September 10, 2024 11:40 GMT
Royal Schiphol (LUCSHI; A2/A Pos) Fundamentals
TRANSPORTATION
We will leave FV unch balancing BS positive governance (it's targeting A1/A+) and better standalone rating vs. Avinor with 1) €1b+/yr in capex which should see more frequent visits (says prefunded next years capex) 2) 3yr tariff reset coming up next year bringing some near-term financial/rating uncertainty 3) smaller scale 4) majority airline exposure to currently weak Air-France group.
€600m 12Y IPT MS+115a vs. FV 110 (5bp NIC)
- books>€2.6b, -25 in from IPT, upsized from exp. €500m
- CoC put at par, 3m par call, first issuance since April '21
- 100% ownership in Amsterdam, Lelystad, Rotterdam (all in Netherlands). 20% interest in Brisbane Airport (3rd largest in Australia), 35% interest in Hobart (8th largest in Australia).
Uplifts among Airports
- Royal Schiphol (A2/A): state owned by Netherlands (triple-A); 2-notch uplift from (Baa1/BBB+)
- Avinor (A1/A): state owned by Norway (triple-A); 4-notch uplift from (Baa2/BBB-)
- Fraport (unrated); 52% state owned by Germany (triple-A); unrated but uplifts would have been likely
- Aerports de Paris (NR/A-); 50.6% state owned by France (Aa2/AA-); 1-notch uplift was removed in June as French state rating too weak
- Main airline exposure is to KLM (part of Air-France group) at 52%. Another 20% is from others (making up <1% each). 8% in Easyjet, 7% in Transavia (again Air-France group) are the next largest and both budget carriers.
- €1.8b in revenues compares to Aeroport De Paris approaching €6b and Fraport at €4b.

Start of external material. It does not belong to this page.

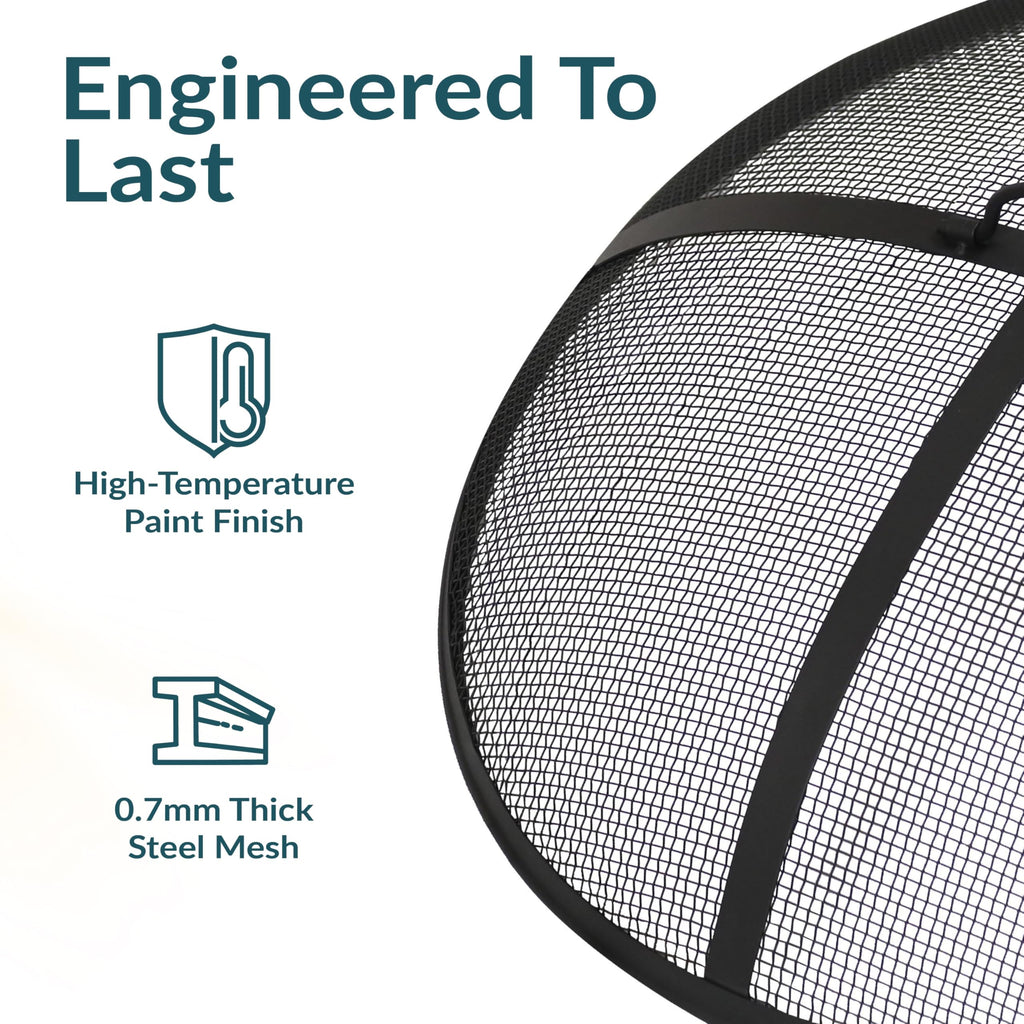 Heavy Duty Steel Metal Mesh Fire Pit Screen, Round, 22" Dia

EBITDA margins are ~30% but this is regulated entity.
- The aviation business (61% of revenue, 25% of EBTIDA, 73% of capex) charges tariff's on a cost-plus model; recent increases are 9% in 2022, 12% in 2023, 14.8% in 2024, and 30% expected by S&P in 2025. Airlines have appealed the increases but the regulator has dismissed the claims. It expects (like S&P) for big increases to continue and says capacity constraints at Amsterdam airport will leave it still in demand.
- 62% of EBTIDA comes from commercial operations; retailing including terminal lounges
- The UoP is to prefund capex needs in 2025. It sees "well over €1b/yr" in capex until "at least 2030". It has a €180m line rolling off in April next year, only other maturities are funding from EIB (~€150m). Hard to know if it will come to issue next year.
- BS positives; it targets A+/A-, Netherlands state owned co's need to maintain a min. A rating. Given former target it does not see dividends till 2026 at earliest. It is currently net 6.7x levered, FFO/debt 12%, and FFO interest cover at a healthy 8.3x. S&P seems to be waiting for the 2025 reset in tariff charges (for 2025-27) before an upgrade.